In a well-designed operating system with adequate maintenance, there is no process which runs and offers services and implies various activities except those that are strictly necessary for what the system administrator and user intend the machine to do.
Unfortunately, desktop OS have grown way past the point where such an efficient simplicity could be realistically achieved. You have to cope with OS including a lot of undocumented elements and activities, some of which implying network activity, in particular listening to incoming requests on some port and thus offering a service to outsiders. It is a good idea to make an inventory of what is running on your machine and try to track such unwanted elements (look at the list of process, also see the open ports with
netstat -a, and so on).
However, it is also a good idea to enforce a strict in/out policy for everything related to networking, in case you did not make a full cleansing. A firewall is something which enforces this in/out policy. Your external hardware firewall will trap all activity which goes through it but it may not see activity related to the local network (and Windows systems do that a lot, with all the NetBIOS stuff). A local firewall, being local, can see every single byte that enters of exit the machine, so it is more thorough for detecting unwanted activity.

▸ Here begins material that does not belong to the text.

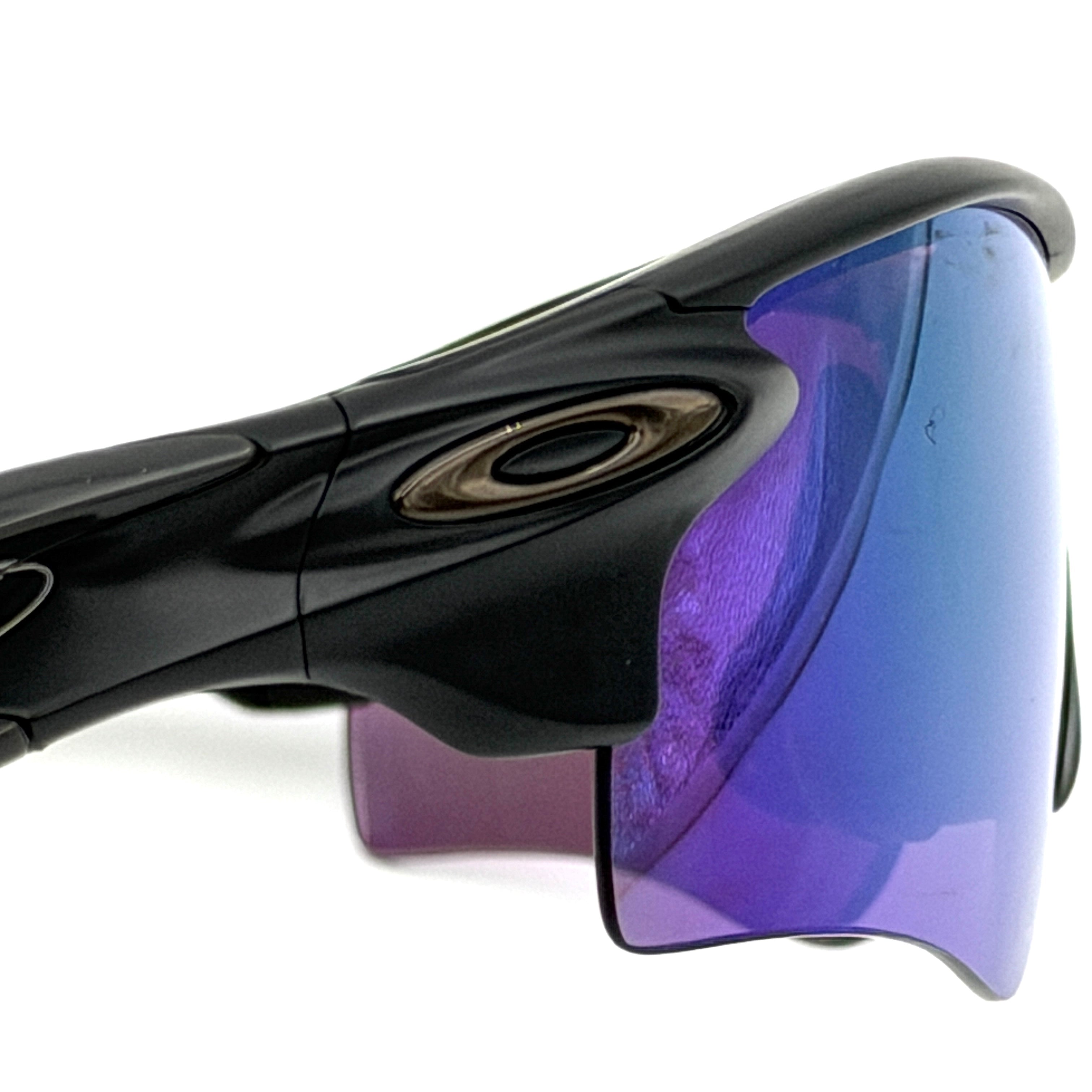 Oakley RadarLock Path sunglasses in matte black with reflective green and violet Prizm shield lens, presented with original black case, box, and cloth.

On the other hand, an external firewall will be more efficient at blocking attacks which target the implementation of low-level network protocols directly; the local firewall gets to act only after the IP packet has been received and some processing already occurred in the OS kernel, so it is a bit too late for the kind of attack which exploits buffer overflows in the kernel. In that sense, the external firewall and the local firewall complement each other. They both can do things that the other cannot, even though there is some partial overlap in their respective functionalities.